BEGIN DATA LISTING

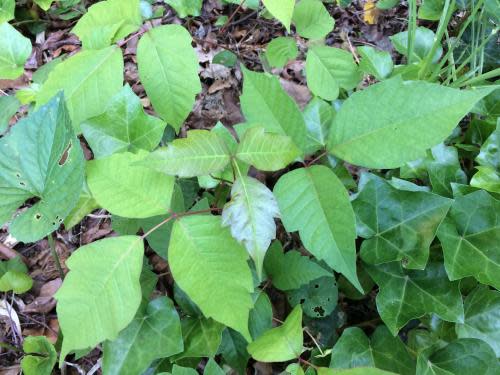 Poison ivy (Toxicodendron radicans)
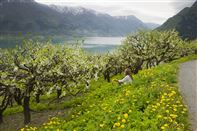 Hardangerfjord. Photo CH/Innovation Norway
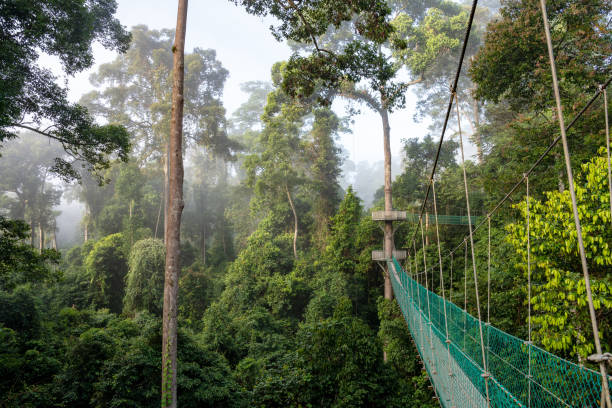 Tropical Rin 3,184 Tropical Rain Forests Stock Photos, High-Res Pictures, and Images ...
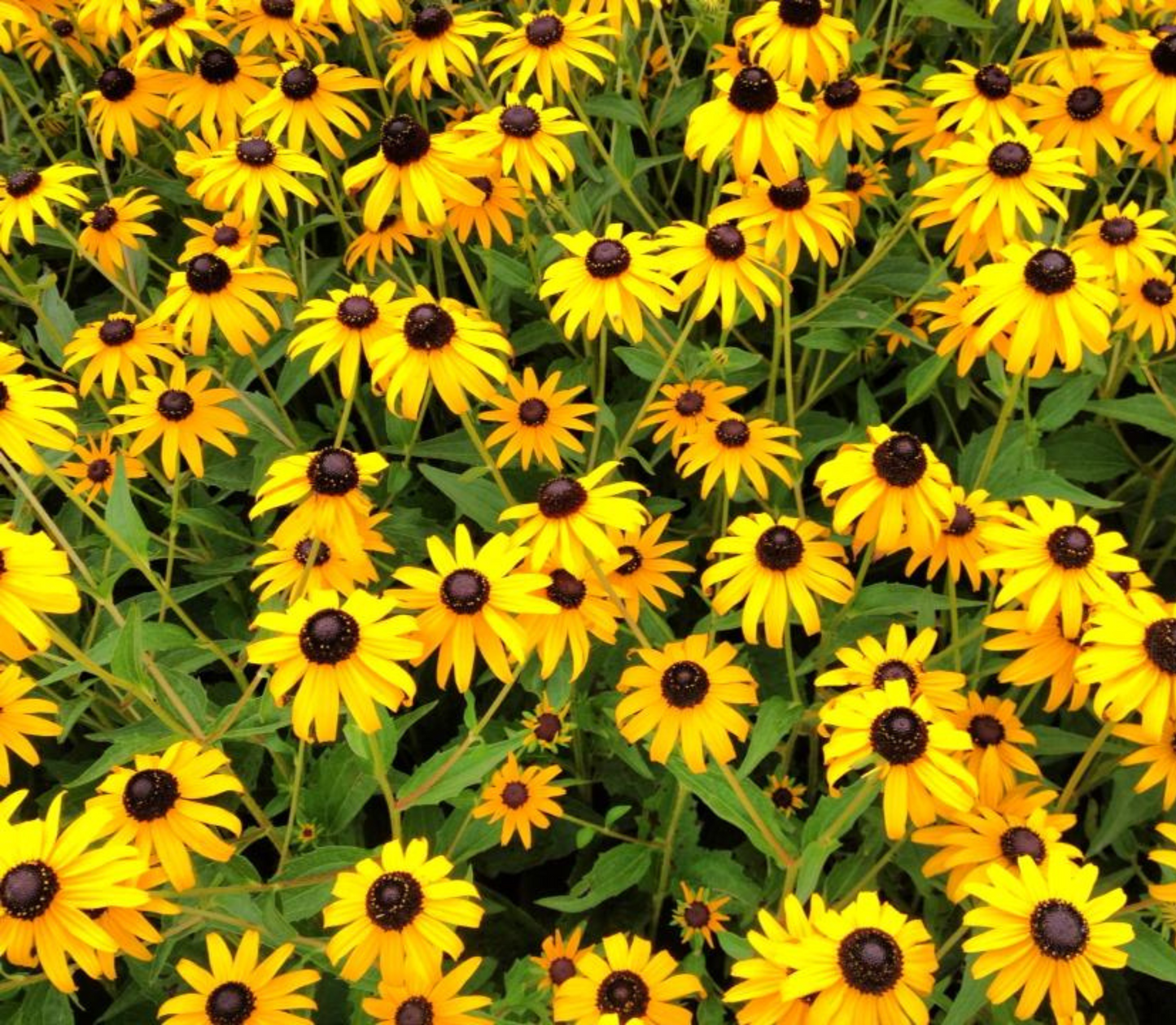 1022  #BlackeyedSusan #Tumbler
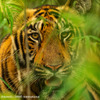 トラ © Narayanan Iyer (Naresh) / WWF-International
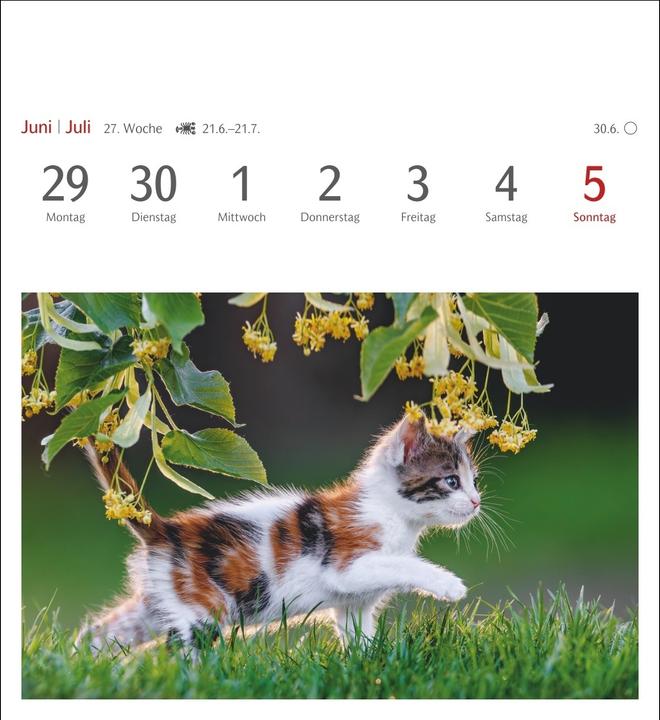 Actual product image Harenberg Katzen Postkartenkalender 2026 - Wochenkalender mit 53 Postkarten (Hardcover, German)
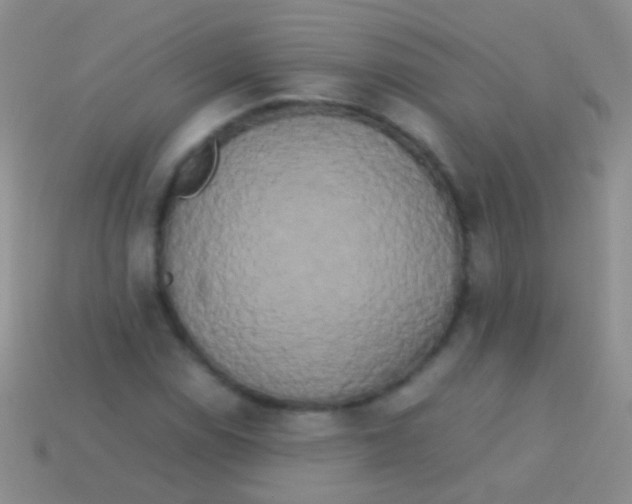X0000113621114200910161946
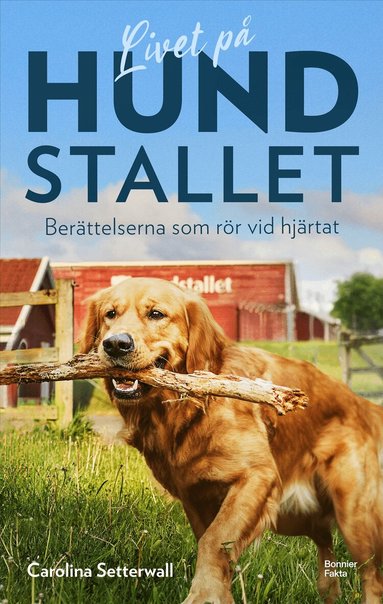 Carolina Setterwall - Livet på Hundstallet : berättelserna som rör vid hjärtat, Kartonnage. Tillgänglighet: Lägg till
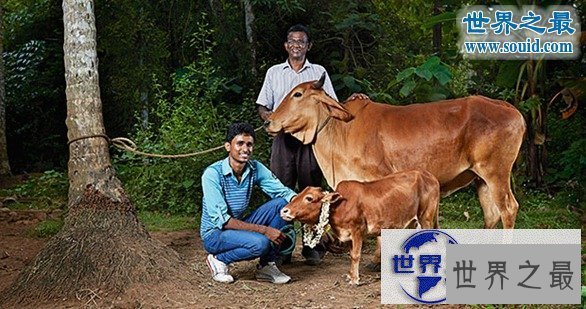 【图】世界上最矮的牛，仅高61厘米(比狗还矮)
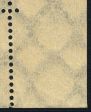 Datei:Dr0249.2.small zvf50.jpg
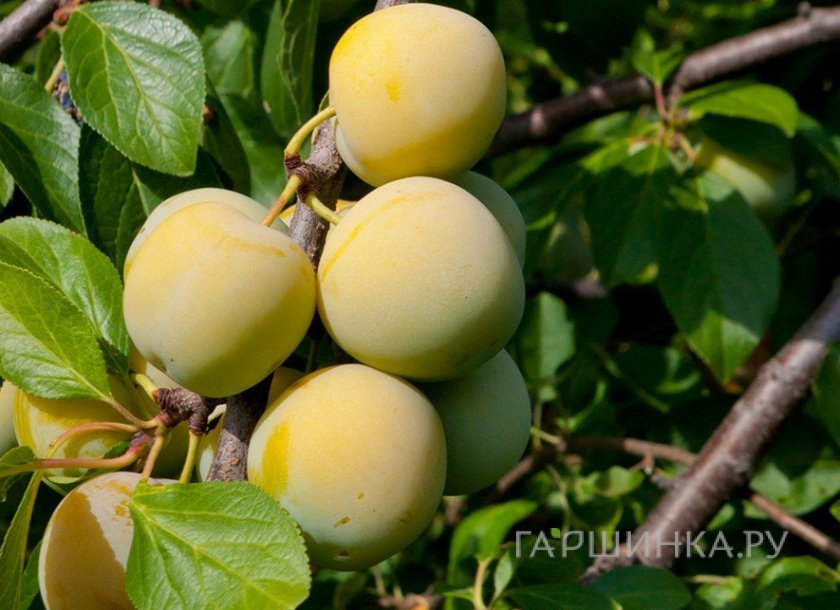 Слива Ренклод Колхозный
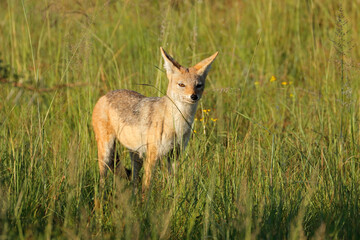 Naklejka na ściany i meble Alert black-backed jackal (Canis mesomelas) standing in grassland, South Africa.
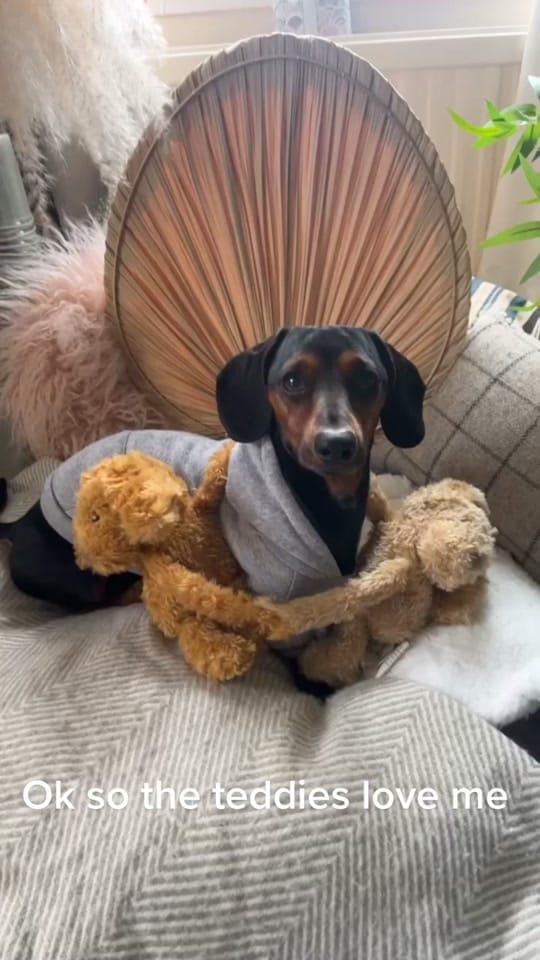 Post 9 by Oatie the miniture dachshund on TikTok (video)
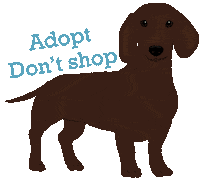 Dachshund Adopt Sticker by HeARTs Speak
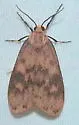 Bruceia pulverina - Hodges#8094
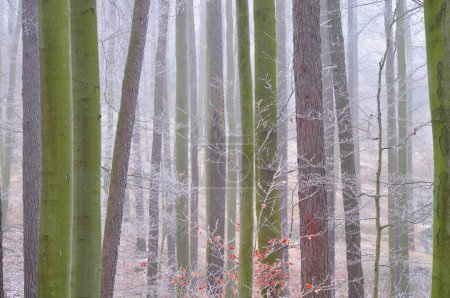 Foto de Troncos de árboles en un misterioso bosque nublado cubierto de hielo esmaltado y rima. Paisaje sombrío. Fondo natural. Europa del Este. - Imagen libre de derechos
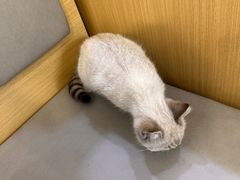 -美联众合动物医院·24h转诊中心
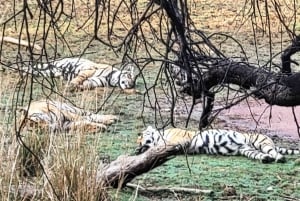 Ranthambore: Pomiń Safari Tygrysów w Sharing Canter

END DATA LISTING

INSTRUCTIONS FOR THE TASK: Copy each record exactly. Leave any images out of the copy.

EXPECTED ANSWER:
 Poison ivy (Toxicodendron radicans)
 Hardangerfjord. Photo CH/Innovation Norway
 Tropical Rin 3,184 Tropical Rain Forests Stock Photos, High-Res Pictures, and Images ...
 1022  #BlackeyedSusan #Tumbler
 トラ © Narayanan Iyer (Naresh) / WWF-International
 Actual product image Harenberg Katzen Postkartenkalender 2026 - Wochenkalender mit 53 Postkarten (Hardcover, German)
X0000113621114200910161946
 Carolina Setterwall - Livet på Hundstallet : berättelserna som rör vid hjärtat, Kartonnage. Tillgänglighet: Lägg till
 【图】世界上最矮的牛，仅高61厘米(比狗还矮)
 Datei:Dr0249.2.small zvf50.jpg
 Слива Ренклод Колхозный
 Naklejka na ściany i meble Alert black-backed jackal (Canis mesomelas) standing in grassland, South Africa.
 Post 9 by Oatie the miniture dachshund on TikTok (video)
 Dachshund Adopt Sticker by HeARTs Speak
 Bruceia pulverina - Hodges#8094
 Foto de Troncos de árboles en un misterioso bosque nublado cubierto de hielo esmaltado y rima. Paisaje sombrío. Fondo natural. Europa del Este. - Imagen libre de derechos
 -美联众合动物医院·24h转诊中心
 Ranthambore: Pomiń Safari Tygrysów w Sharing Canter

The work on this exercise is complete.